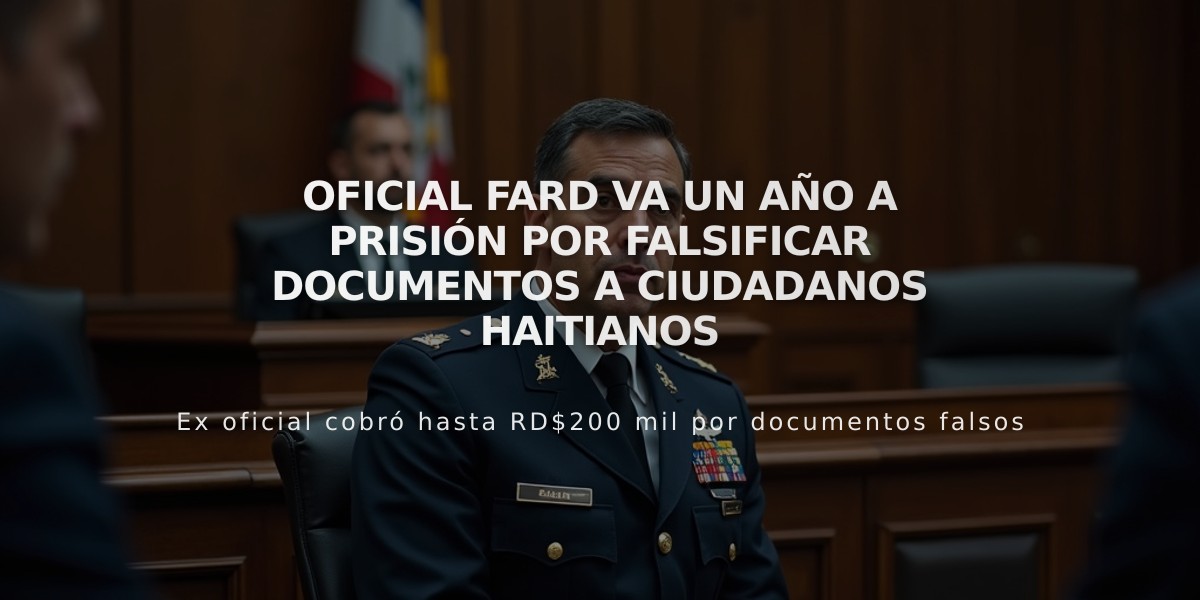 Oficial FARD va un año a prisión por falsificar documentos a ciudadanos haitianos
☆ ☆ ☆
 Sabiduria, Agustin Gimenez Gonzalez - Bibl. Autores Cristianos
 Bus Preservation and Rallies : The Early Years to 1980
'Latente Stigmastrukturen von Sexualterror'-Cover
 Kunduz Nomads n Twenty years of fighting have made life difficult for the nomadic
☆ ☆ ☆
Directions: As listed above, the lines from the line with "Sabiduria, Agustin Gimenez" to the line with "Kunduz Nomads n" are to be echoed exactly, with both ends included and nothing added.

Solution below:
 Sabiduria, Agustin Gimenez Gonzalez - Bibl. Autores Cristianos
 Bus Preservation and Rallies : The Early Years to 1980
'Latente Stigmastrukturen von Sexualterror'-Cover
 Kunduz Nomads n Twenty years of fighting have made life difficult for the nomadic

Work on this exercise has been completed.